Reputation: 1156
I would like to show each month abbreviation, as well as the year on the year.
I am quite close. The issue I am currently having is that the years are incorrect. I have figured out that this is a issue between numpy.datetime64 (the datetime index is in this format), and python datetime which is used the 1970 epoch. The two years shown on the chart should be 2017 and 2018 but they show 48 and 49.
import pandas as pd
import numpy as np
import matplotlib.pyplot as plt
from matplotlib.dates import MonthLocator, WeekdayLocator, DateFormatter, YearLocator
indx = pd.date_range('2017-04-01', '2019-01-01')

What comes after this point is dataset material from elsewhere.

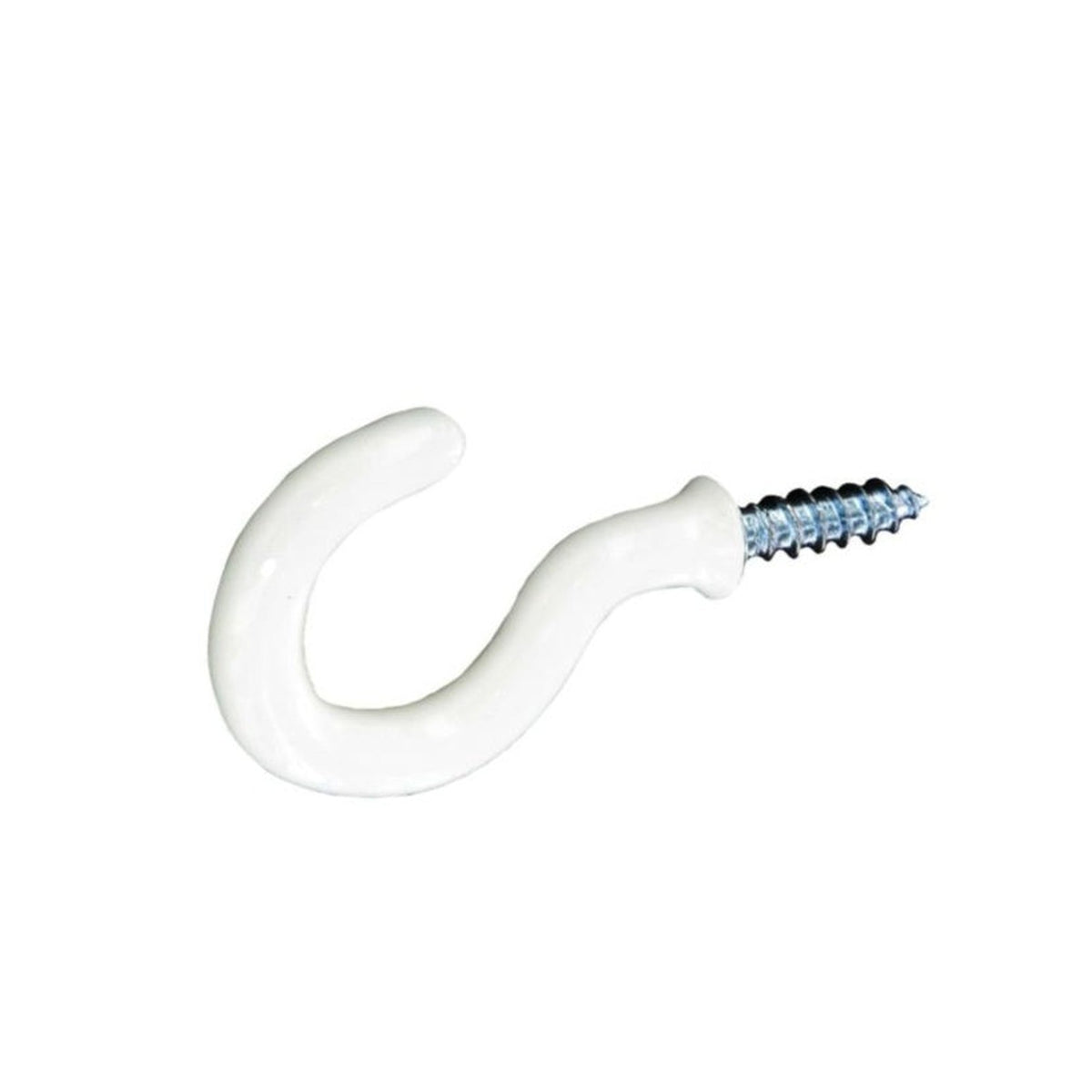 Securit white plastic covered cup hooks, pack of 5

s = pd.Series(np.random.randn(len(indx)), index=indx)
df = pd.DataFrame(s)
ax = df.plot()
months = MonthLocator(range(1, 13), bymonthday=1, interval=1)
monthsFmt = DateFormatter("%b")
years = YearLocator(1, month=4, day=1)
yrsFmt = DateFormatter("\n %y")
ax.xaxis.set_major_locator(years)
ax.xaxis.set_major_formatter(yrsFmt)
ax.xaxis.set_minor_locator(months)
ax.xaxis.set_minor_formatter(monthsFmt)
plt.show()
How do I show the right years here?
Upvotes: 2
Views: 2433
Reputation: 36635
Matplotlib counts years from zero but UNIX since 1970. Therefore you got years of 48, 49 and etc. To avoid this behavior of matplotlib you have to get from your pandas datetime index date part and then use %Y
descriptor to get full years for major ticks:
import pandas as pd
import numpy as np
import matplotlib.pyplot as plt
from matplotlib.dates import MonthLocator, WeekdayLocator, DateFormatter, YearLocator
indx = pd.date_range('2017-04-01', '2019-01-01')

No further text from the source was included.